**TASK STATEMENT**
Once you reach the line with "Journey Into Mystery" below, copy each line exactly, stopping after the line with "Vidaxl Comodino Marrone", and skip any pictures.

**PROVIDED INFORMATION**
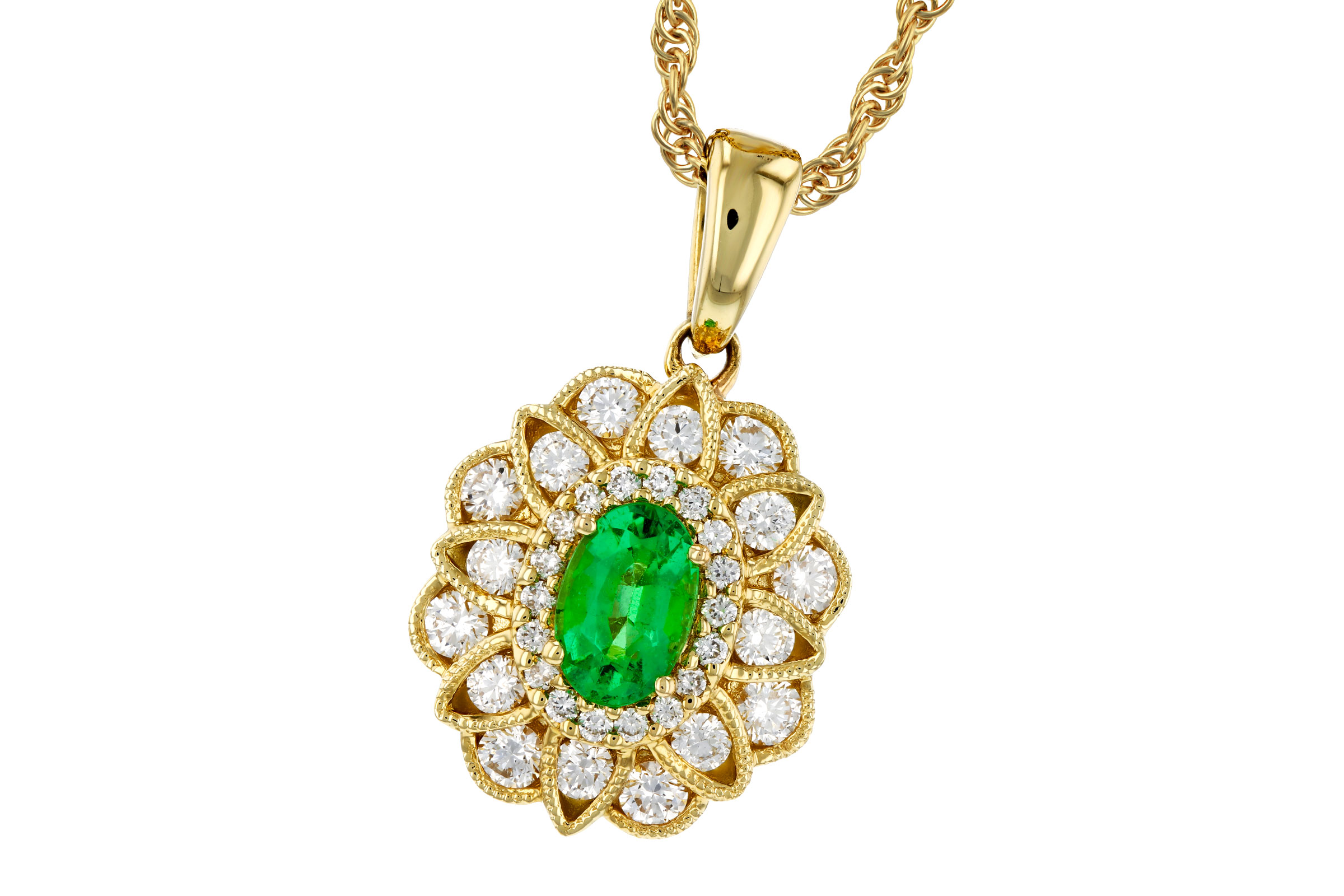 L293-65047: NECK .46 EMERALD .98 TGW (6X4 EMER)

...

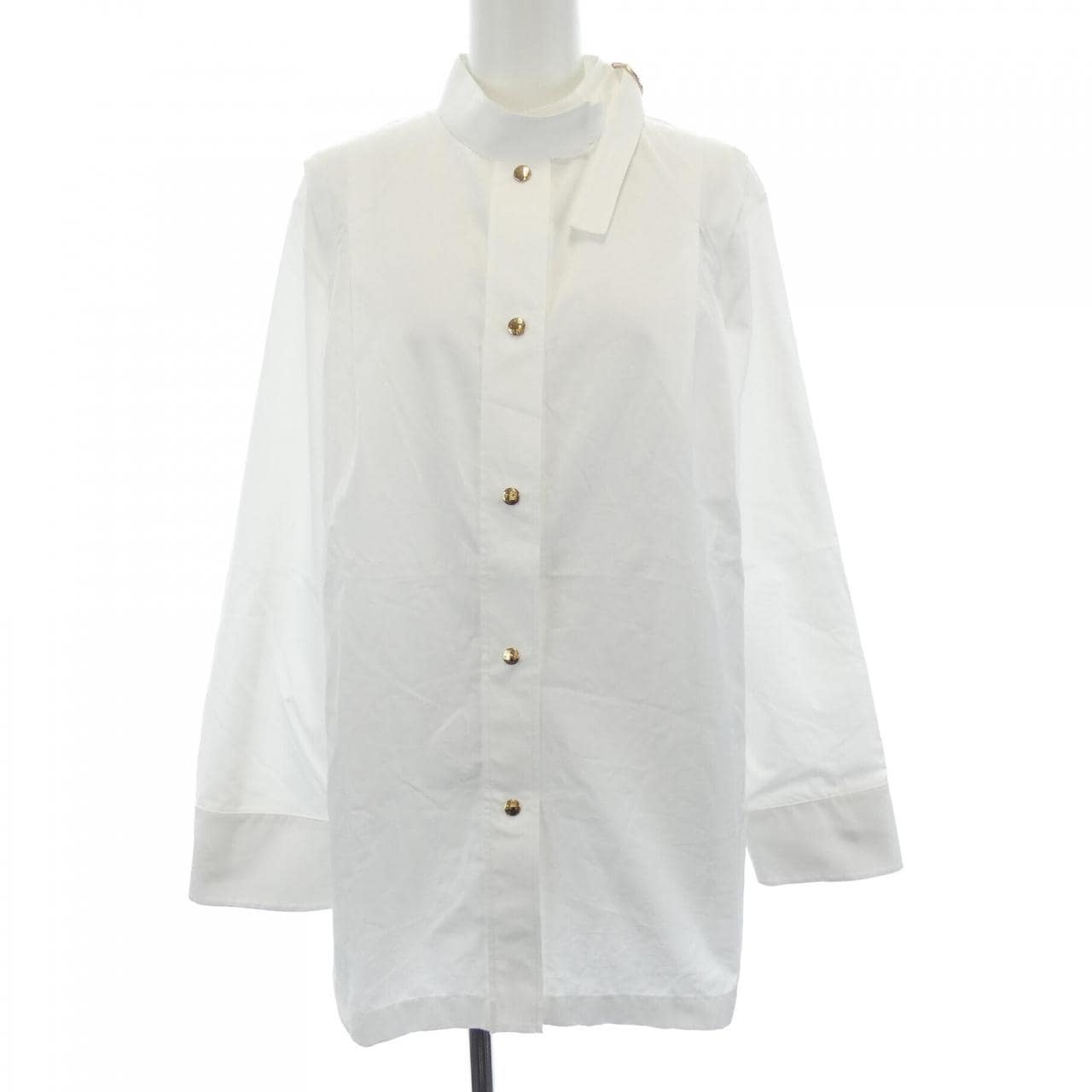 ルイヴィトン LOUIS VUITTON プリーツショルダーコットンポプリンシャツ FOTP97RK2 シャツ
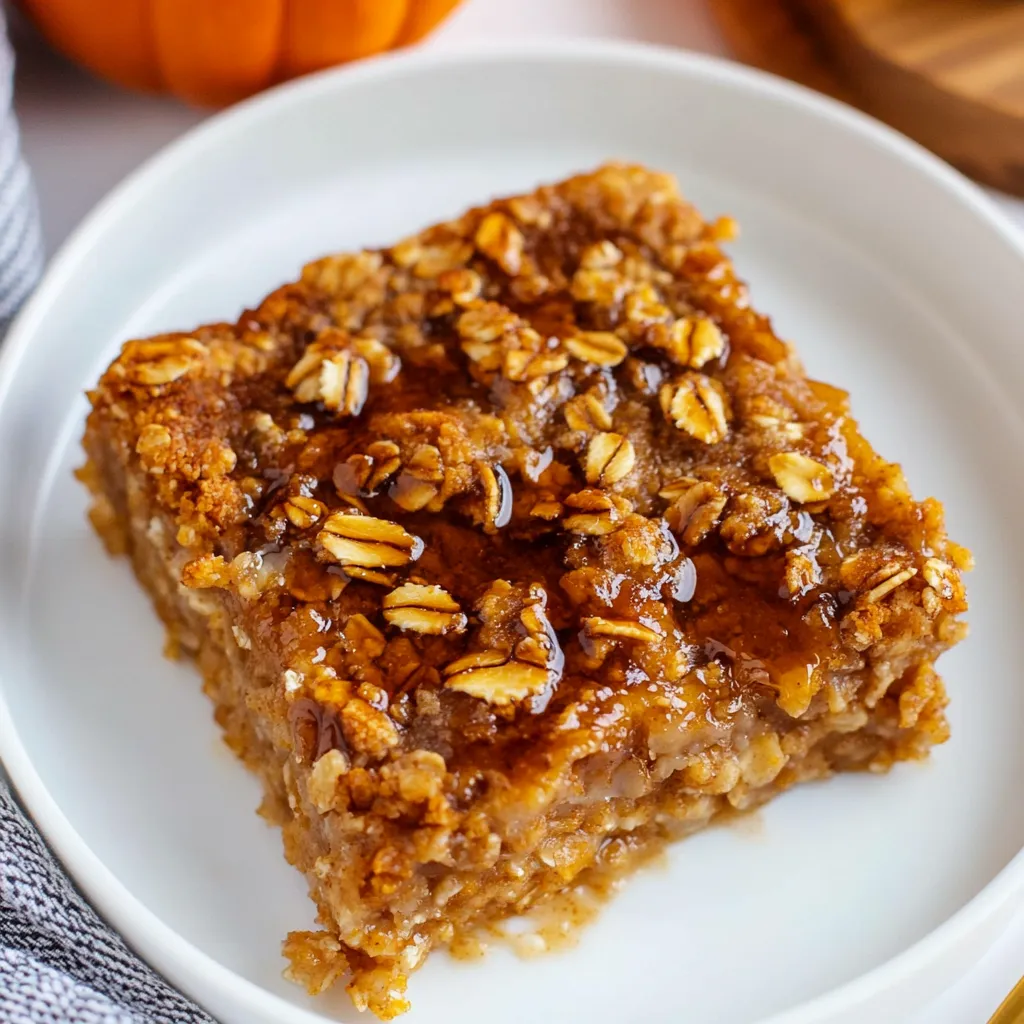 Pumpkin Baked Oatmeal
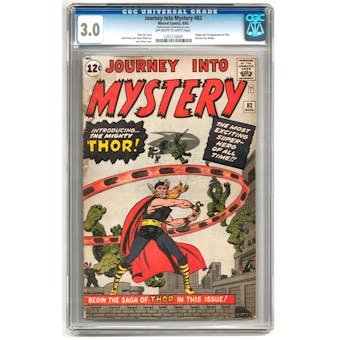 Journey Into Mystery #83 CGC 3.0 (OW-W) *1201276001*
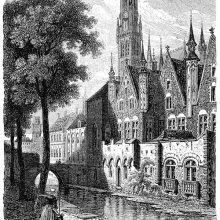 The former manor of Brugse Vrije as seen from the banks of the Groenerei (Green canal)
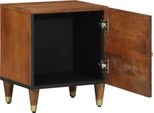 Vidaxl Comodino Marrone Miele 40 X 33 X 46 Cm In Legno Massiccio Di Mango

**EXERCISE RESULT**
 Journey Into Mystery #83 CGC 3.0 (OW-W) *1201276001*
 The former manor of Brugse Vrije as seen from the banks of the Groenerei (Green canal)
 Vidaxl Comodino Marrone Miele 40 X 33 X 46 Cm In Legno Massiccio Di Mango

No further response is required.